The H. Grenser has only an open hole for c'', that must be kept closed by the thumb unless c'' or c''' is wanted. The key for Bb is given to RH1. The open hole works great. But I miss the thumb Bb key; it is not always easy or possible to use the key for RH1. On the Tromlitz flute (equipped with the keys he described in 1800), the c'' hole is covered with an open-standing key. This key would be no better than the open hole, except that it allows the thumb to more easily control two keys, the second being a second key, closed-standing, for Bb. Though it takes practice to rotate the thumb from one of its keys to the other, this is really a very fine design.
The left hand thumb-controlled C hole was not adopted on the simple system flute (though that is exactly what Boehm chose for his system). Two other ideas, both of which survived throughout the 19th century, can be seen below. On the boxwood flute by S. Koch (c.1815) below, there is a key on the back for use with the base of LH3. On the ebony flute by I. G. Freyer (c.1805), there is a long key for RH1. The arrows point to the pewter plug and flap of these C keys. This latter key is the type of C key that became standard, or at least was by far the most common, in the 19th century. It was described in a patent by the London maker Monzani in 1807, but probably anticipated by Grenser, Kirst, and other makers a few years before that. Still, it is safe to say that the long C key was essentially unknown before 1800.
The long C key was not used very often; it never became the standard fingering for c'' or c'''. It is awkward to pass from c'' with that key to d'', for example. It was used for C/B trills and when C was the high note in a figure or phrase.

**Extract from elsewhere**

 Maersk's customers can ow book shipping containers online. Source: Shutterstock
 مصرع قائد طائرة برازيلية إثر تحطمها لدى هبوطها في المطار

Closed-standing keys for c'' for the left hand thumb may be found on some 19th century flutes (e.g. by Streitwolf and Nonon). An unusual flute by Pentenrieder, c.1845, has a c'' key for LH4, with a touch next to the G# and long F key touches.
The alert viewer may have noticed that the G# key is sometimes mounted on the upper center joint (on the English flutes and Viennese flute shown above) and sometimes on the lower center (on the German flutes on this page). The G# key should ideally be placed almost exactly where the socket and tenon meet. The possible compromises are to make the G# hole small and move the G# key up to the upper center, or make the G# hole large and put it on the lower center. Different countries chose different solutions. One reason German flutes have the G# on the lower center is that the corps de rechange was still very popular there until c.1820, and with the G# on the lower center, it did not have to be replicated on each of the upper center joints. But soon the G# key would be found on the upper center on the flutes of all countries.

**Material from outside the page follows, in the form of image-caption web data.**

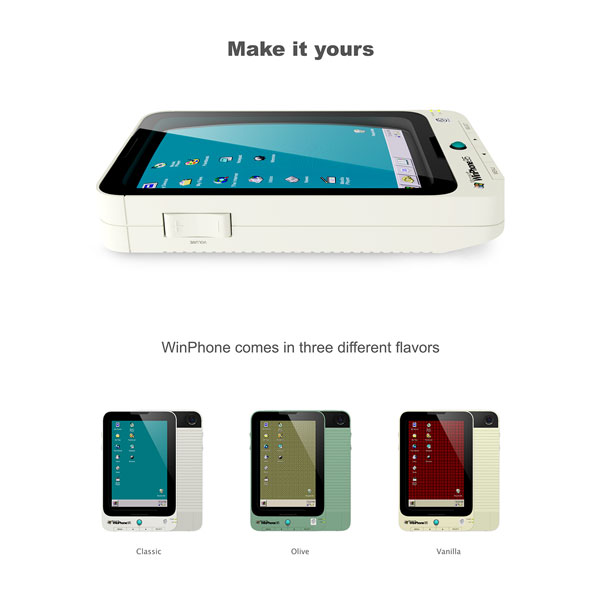 คอนเซ็ปต์ WinPhone 95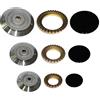 STAR Serie bruciatori + anelli spartifiamma + piattelli cucina gas Star 3 fuochi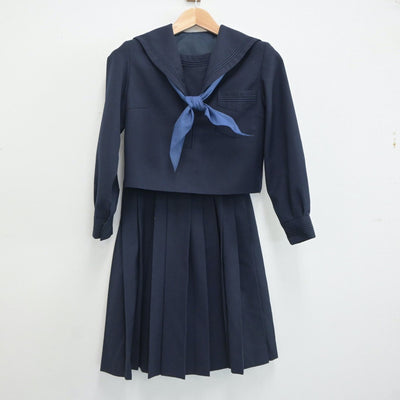 【中古】北海道 大野中学校 女子制服 3点（セーラー服・スカート）sf021148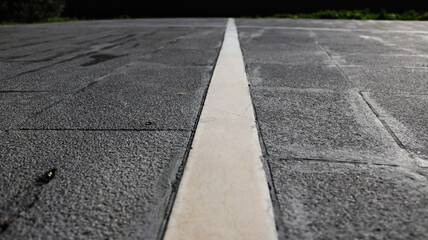 road with lines in the meddle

The size and position of the G# hole affects some of the fingerings used in the 19th century. A classical flute with the G# on the lower center is not suitable for playing music after about 1820, if all the advice and alternate fingerings that appear in flute methods of Drouet, Fürstenau, Tulou, Nicholson, etc., are to be followed.

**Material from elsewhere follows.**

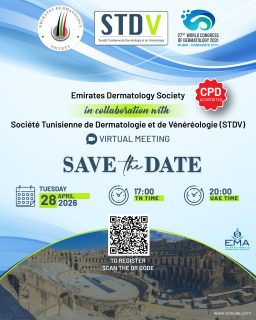 Exciting collaboration ahead! ✨
EDS joins hands with the Société Tunisienne de Dermatologie et de Vénéréologie (STDV) for a virtual meeting you won’t want to miss.
Save the date!

#EDS #STDV #Dermatology #SkinHealth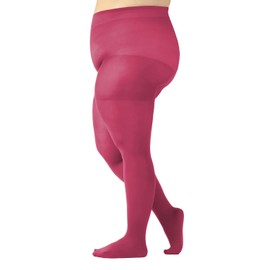 CALZITALY Opaque Tights Large Sizes, Curvy Tights Plus Size, 60 Denier, L, XL, 2XL, 3XL, 4XL, Made in Italy, Cerice Pink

We will leave further discussion of keys used on the simple system
flute until the next section on 19th century keyed flutes.
But we must mention that there were experiments and likely
a number of flutes made with an extended foot and extra key for low b
before 1800, probably in Vienna and perhaps elsewhere.
A pamphlet published by Orazi in Rome in 1797
contains a diagram of a flute with an extended
foot with keys down to g below middle c'. It is not clear
that this is a diagram of a real flute, but such flutes
were made in Vienna well before 1820.